In February, Kenneth Rice — the former chief executive officer of Enron Broadband Services — testified that Skilling encouraged him to lay off employees as a cost-cutting measure but to tell Wall Street analysts that the company had merely shifted around some employees.
“It was redeployment,” testified Sarah Davis on Tuesday. According to the Houston Chronicle, the former human relations employee told jurors that Enron tried to get those workers jobs elsewhere in the company. If they had been laid off from the broadband unit, she reportedly added, the workers would have been taken to HR, given a severance package, and escorted from the premises.
Marla Barnard, a former human relations executive at Enron Broadband Services, reportedly testified that half of the affected employees took new jobs at Enron, while the remainder accepted a severance package.
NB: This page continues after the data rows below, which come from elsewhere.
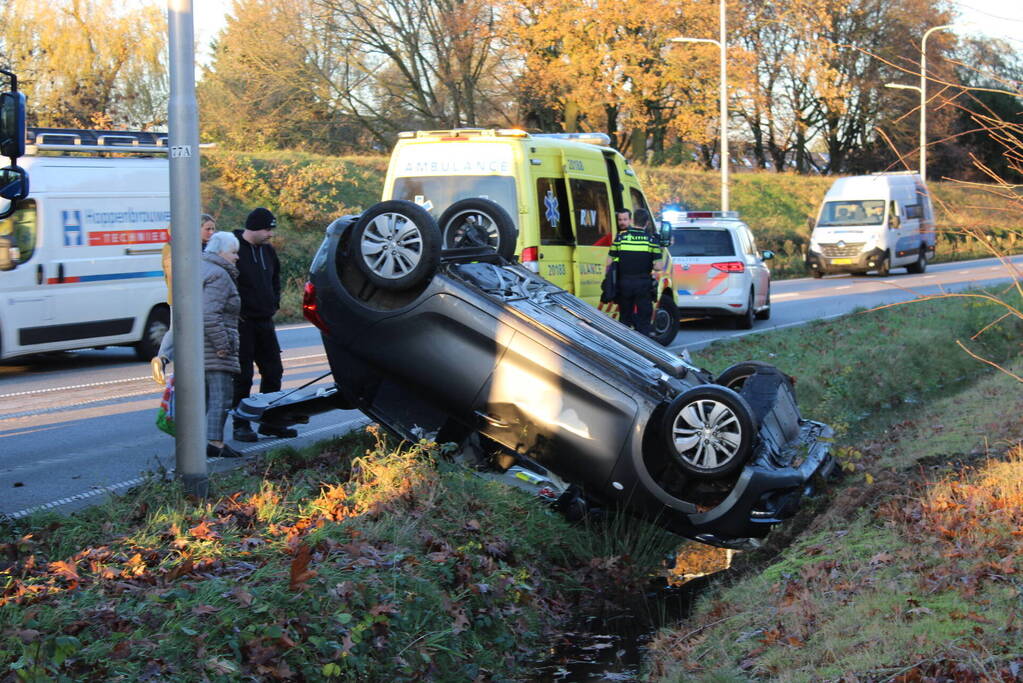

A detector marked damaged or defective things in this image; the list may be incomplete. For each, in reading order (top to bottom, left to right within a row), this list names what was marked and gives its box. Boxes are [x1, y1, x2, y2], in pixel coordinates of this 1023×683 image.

overturned car [239, 200, 830, 548]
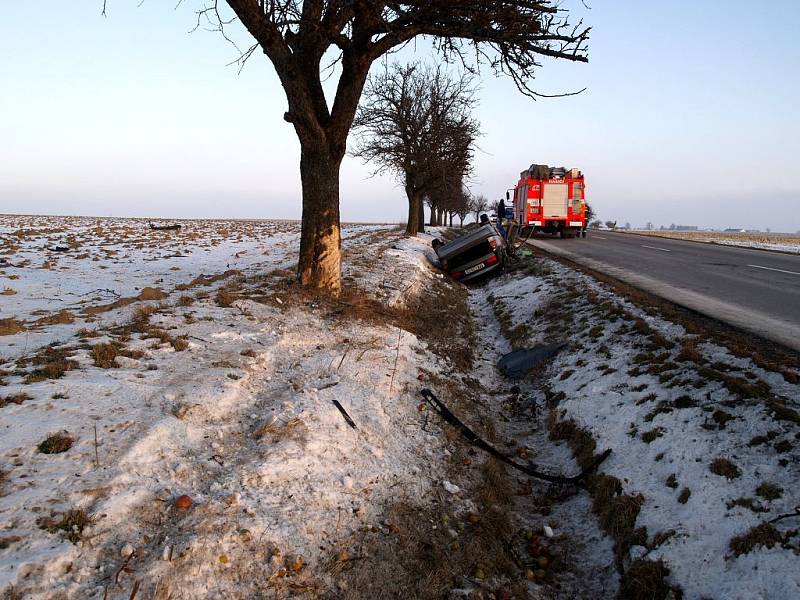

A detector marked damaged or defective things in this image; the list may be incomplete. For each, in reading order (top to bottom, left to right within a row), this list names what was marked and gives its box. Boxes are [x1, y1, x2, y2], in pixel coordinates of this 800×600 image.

overturned car [432, 224, 506, 282]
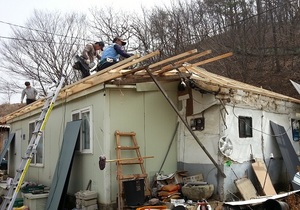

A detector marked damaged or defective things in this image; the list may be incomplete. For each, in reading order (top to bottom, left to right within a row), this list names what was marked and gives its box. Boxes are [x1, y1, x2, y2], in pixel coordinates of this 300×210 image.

damaged roof [0, 49, 300, 124]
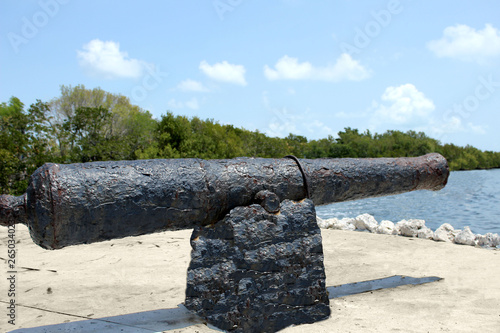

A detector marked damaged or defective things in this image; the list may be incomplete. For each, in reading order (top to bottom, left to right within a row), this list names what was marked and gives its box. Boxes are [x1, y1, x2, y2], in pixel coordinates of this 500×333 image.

rusty metal ring [286, 155, 308, 198]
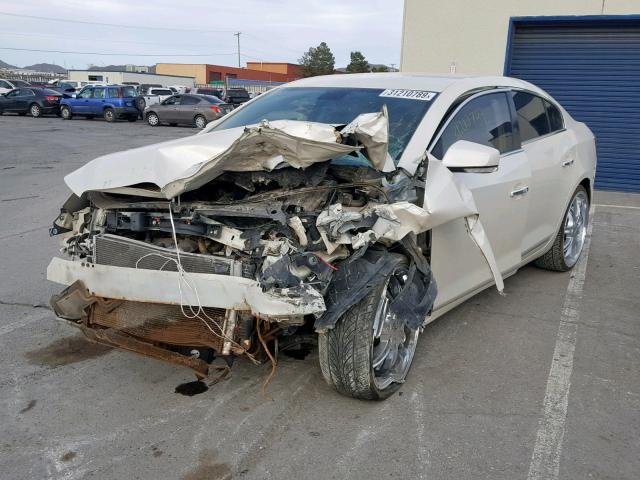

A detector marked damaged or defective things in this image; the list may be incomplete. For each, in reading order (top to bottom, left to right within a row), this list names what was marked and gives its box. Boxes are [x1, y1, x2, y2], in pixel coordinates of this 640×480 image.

torn sheet metal [63, 121, 356, 202]
crumpled hood [63, 112, 390, 199]
wrecked white sedan [47, 74, 596, 398]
Wade Cline, a 14-year veteran of Enron and the company’s current general counsel, testified about the $3 billion Dabhol power plant in western India. By the spring of 2001, Fastow had maintained that the project — in which Enron held a 65 percent stake — should be mothballed and written off, according to the Chronicle. The newspaper added that according to Cline, the facility was a viable entity, but on cross-examination he acknowledged that he did not take part in high-level discussions in Houston about the fate of the plant.
Long after Enron declared bankruptcy, the Chronicle observed, the company recouped a mere $20 million from the sale of the facility.
Mark Metts, former executive vice president of corporate development, maintained that under the aegis of a so-called Project Summer, Enron attempted to sell many international assets for a total of more than $7 billion, reported the Chronicle. Prosecutors have alleged that the LJM partnerships, controlled by former CFO Andrew Fastow, were a dumping ground for many of these assets, which otherwise would have dragged down Enron’s balance sheet.
Fastow reportedly testified that he knew of no such project, and Metts told jurors that indeed, the finance chief was kept out of the loop. Regarding the ultimate disposition of that $7 billion-plus of international assets, Metts added, “My belief is we got very close.”
All this is a prelude, of course, to the appearance on the witness stand of the defendants themselves; Skilling may testify in his own defense as early as Wednesday, according to the Associated Press.